Newsgroups: comp.arch
Path: utzoo!utgpu!watserv1!maytag!watdragon!watsol.waterloo.edu!tbray
From: tbray@watsol.waterloo.edu (Tim Bray)
Subject: Big files, and lots of 'em: 32 bits is not enough
Message-ID: <1990Aug8.222644.23683@watdragon.waterloo.edu>
Sender: daemon@watdragon.waterloo.edu (Owner of Many System Processes)
Organization: University of Waterloo
References: <5539@darkstar.ucsc.edu> <13285@yunexus.YorkU.CA> <30728@super.ORG> <13667@cbmvax.commodore.com> <40644@mips.mips.COM>
Date: Wed, 8 Aug 90 22:26:44 GMT
Lines: 42

mash@mips.COM (John Mashey) writes:
>jesup@cbmvax (Randell Jesup) writes:
>>Few machines
>>(percentage-wise) even have 4 GB of storage, let alone files larger that 4GB
>>(I've never even seen a file larger than 100MB, even on mainframes).
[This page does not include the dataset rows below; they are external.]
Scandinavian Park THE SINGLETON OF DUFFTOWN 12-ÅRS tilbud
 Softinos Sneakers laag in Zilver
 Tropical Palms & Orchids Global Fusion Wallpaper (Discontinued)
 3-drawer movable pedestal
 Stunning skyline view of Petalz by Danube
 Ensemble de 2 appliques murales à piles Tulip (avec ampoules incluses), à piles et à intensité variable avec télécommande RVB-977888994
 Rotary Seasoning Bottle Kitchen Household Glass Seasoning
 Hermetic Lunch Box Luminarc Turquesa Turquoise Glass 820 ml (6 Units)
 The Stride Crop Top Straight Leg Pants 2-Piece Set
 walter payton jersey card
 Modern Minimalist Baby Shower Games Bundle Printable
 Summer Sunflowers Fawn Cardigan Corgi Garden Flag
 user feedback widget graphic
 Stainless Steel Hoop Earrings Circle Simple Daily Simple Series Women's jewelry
>However, I'd STRONGLY disagree with the idea that 64-bit machines will
>remain confined to the super- & minisuper world for 10-20 more years.
>So, here's a thought to stimulate discussion:
>	What applications (outside the scientific / MCAD ones that
>	can obviously consume the space) would benefit from 64-bit
>	machines?

An example: text database.  In a textbase, you must have addressability to the
byte, not to the record.  Also, it is very very convenient to regard all the
text in your universe as being in one linear address space.  32 bits worth of
text is not very much text in real-world terms.  Here is some 'ls' output from
a directory containing the electronic Oxford English Dictionary, Second
Edition, and some supporting files.

-r--r-----  1 tbray    572728830 Sep  7  1989 oed-2e
-r--r-----  1 tbray    179728816 Sep  7  1989 oed-2e.struct
-r--r-----  1 tbray    475589360 Sep  8  1989 oed-2e.tree

About 28 bits worth right there.  But I want a database with the OED and the
complete Shakespeare and Chemical Abstracts and the complete Library of
Congress Catalogue and a couple decades' worth of AP wire service; that's
almost enough text to be really useful.  But seriously folks, there's lots of
insurance companies and research institutions and government departments with
*lots* more than 4 Gb sitting around...

And I think it's a *bad* idea, as some have proposed, to create a new datatype
for file offsets as opposed to addresses as opposed to integers.  As Henry
Spencer and others have repeatedly pointed out, the VAX made us all sloppy by
allowing us to interchange pointers, integers, and offsets promiscuously.  But
too late, we're stuck with it; there's not enough programmer-years in the
lifetime of the universe to fix all the useful software that does this.  And
y'know, in my heart of hearts, I'm not sure it's a bad thing; it certainly
allows the use of some extremely elegant and rigorously simple programming
paradigms.

Cheers, Tim Bray, Open Text Systems, Waterloo, Ont.